They wrote it all out. They said, “In each building, we found holy water at the door. Each building had an altar. Each building had priests in costly vestments bowing below the altar. Each building had candles and incense. In each building, a bell rang when the worshipers were to kneel down.” The Romanist and pagan temples were practically alike!

Anyone who familiarizes himself with the history of the ancient heathen cults can see where all these forms and ceremonies came in that are now linked up with what is called the Sacrament of the Eucharist. The identical customs were practiced by Babylonish priests over 500 years before Christ. There was in the Babylon temples and on the altars an image of a woman with a child in her arms. This woman was said to be the Queen of Heaven. Her child was called the Seed, which was evidently Satan’s imitation of the truth involved in the words, “The seed of the woman shall bruise the serpent’s head.” To this woman was sacrificed a bloodless offering consisting of round moon-shaped cakes, and these being presented to her were put upon the altar and the faithful bowed down in reverence before them.

In the book of the prophet Jeremiah, the people had read of the same cult transferred to Palestine and observed afterwards among the dispersed Jews in Egypt:

Seest thou not what they do in the cities of Judah and in the streets of Jerusalem? The children gather wood, and the fathers kindle the fire, and the women knead their dough, to make cakes to the queen of heaven, and to pour out drink offerings unto other gods, that they may provoke me to anger. (Jeremiah 7:17-18)
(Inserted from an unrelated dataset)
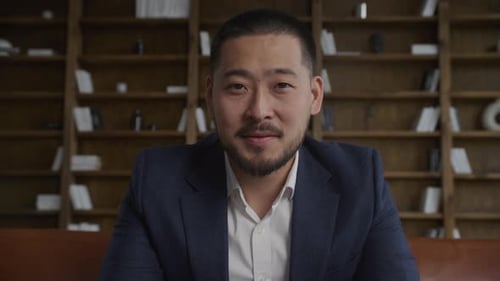 Confident Man Wearing Suit in Office Setting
The people had turned from their idolatry, but they declare that they are going back to it. In Jeremiah, we read:

Then all the men which knew that their wives had burned incense unto other gods, and all the women that stood by, a great multitude, even all the people that dwelt in the land of Egypt, in Pathros, answered Jeremiah, saying, As for the word that thou hast spoken unto us in the name of the Lord, we will not hearken unto thee. But we will certainly do whatsoever thing goeth forth out of our own mouth, to burn incense unto the queen of heaven, and to pour out drink offerings unto her, as we have done, we, and our fathers, our kings, and our princes, in the cities of Judah, and in the streets of Jerusalem: for then had we plenty of victuals, and were well, and saw no evil. (Jeremiah 44:15-17)

COMPROMISE

This ancient custom of offering these round cakes was taken up by the apostate church. They said, “The best way is to get all the different religions into one, and we can take this heathen rite and turn it into a Christian ceremony. This round cake we will call the body, blood, soul, and divinity of Christ.” That is what is called the host. It must be absolutely round. It is taken into the church and the priest blesses it. If it has a piece broken off of it, anybody can eat it.
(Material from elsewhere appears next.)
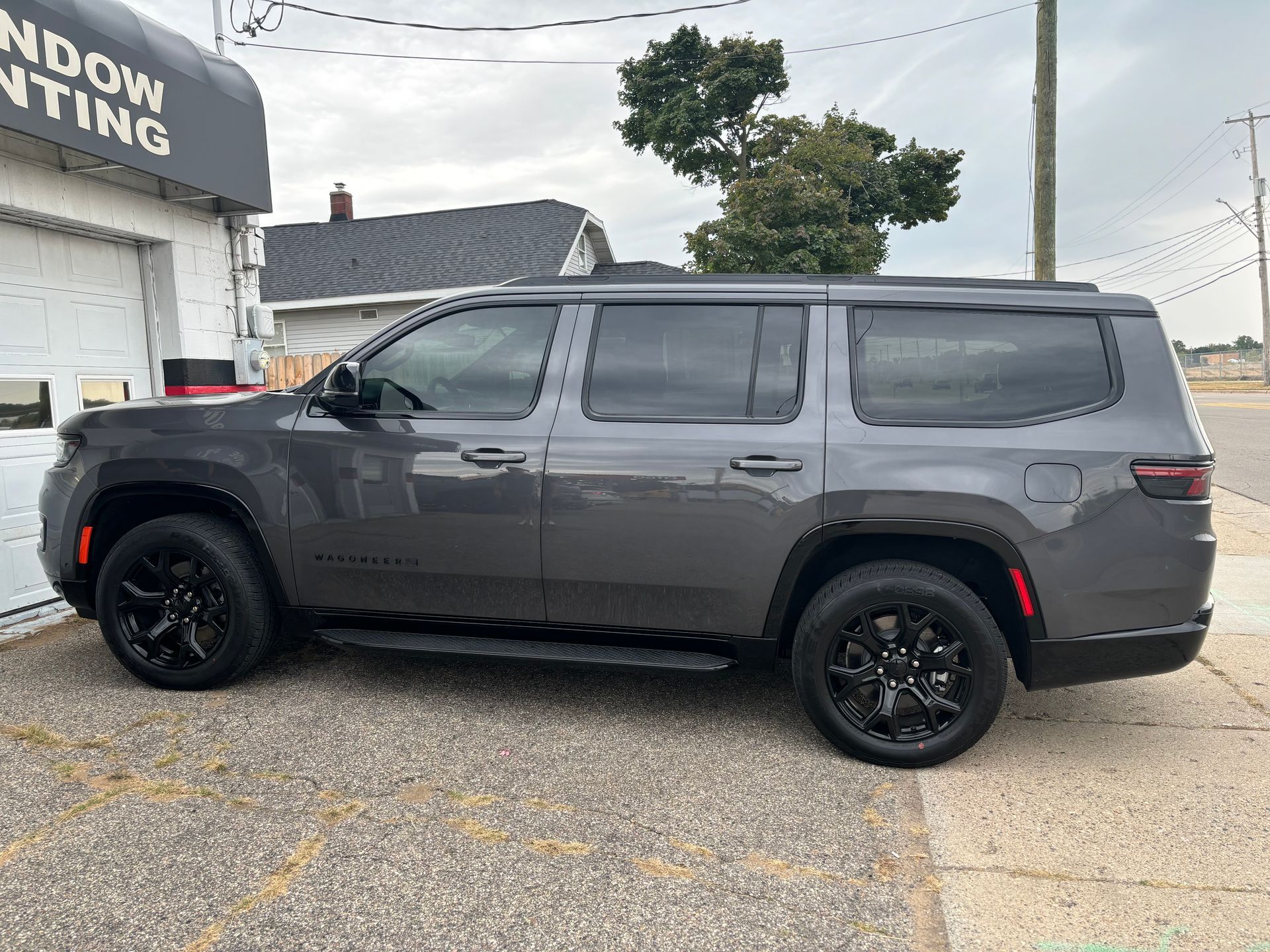 A gray suv is parked on the side of the road in front of a building.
The Roman Catholic Church will tell you that this is taught by our Lord when He said, “This is my body which is given for you.” But as He said that, He was there with them. He handed them this bread, and they partook of it, clearly giving us to understand that the bread was God’s wonderful way of illustrating the value of feeding upon Christ. We feed upon bread, and we get physical strength. We feed upon Christ, and we get spiritual strength.
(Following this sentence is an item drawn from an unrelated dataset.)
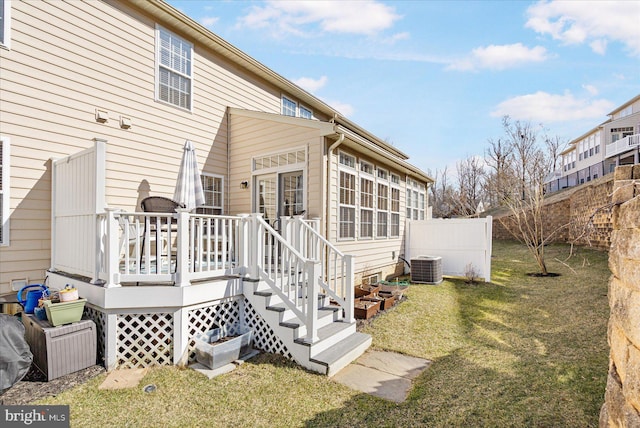 back of property with central air condition unit, a deck, and a lawn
But now they tell us that the bread is changed when the priest blesses it. We charge that to fall down and worship that piece of bread is an act of idolatry. The Roman Catholic Church says that bread is actually Christ.

They say that at the moment of consecration, Christ comes and enters it. Here is a man making images. You say, “Are these images actually gods?”

“No, not yet.”

“When will they become gods?”

“When the priest takes them and blesses them and consecrates them to the deity they represent. Then the deity will come and dwell within them so that when the worshiper bows down he is not worshipping the image but the soul of the divinity that dwells within.”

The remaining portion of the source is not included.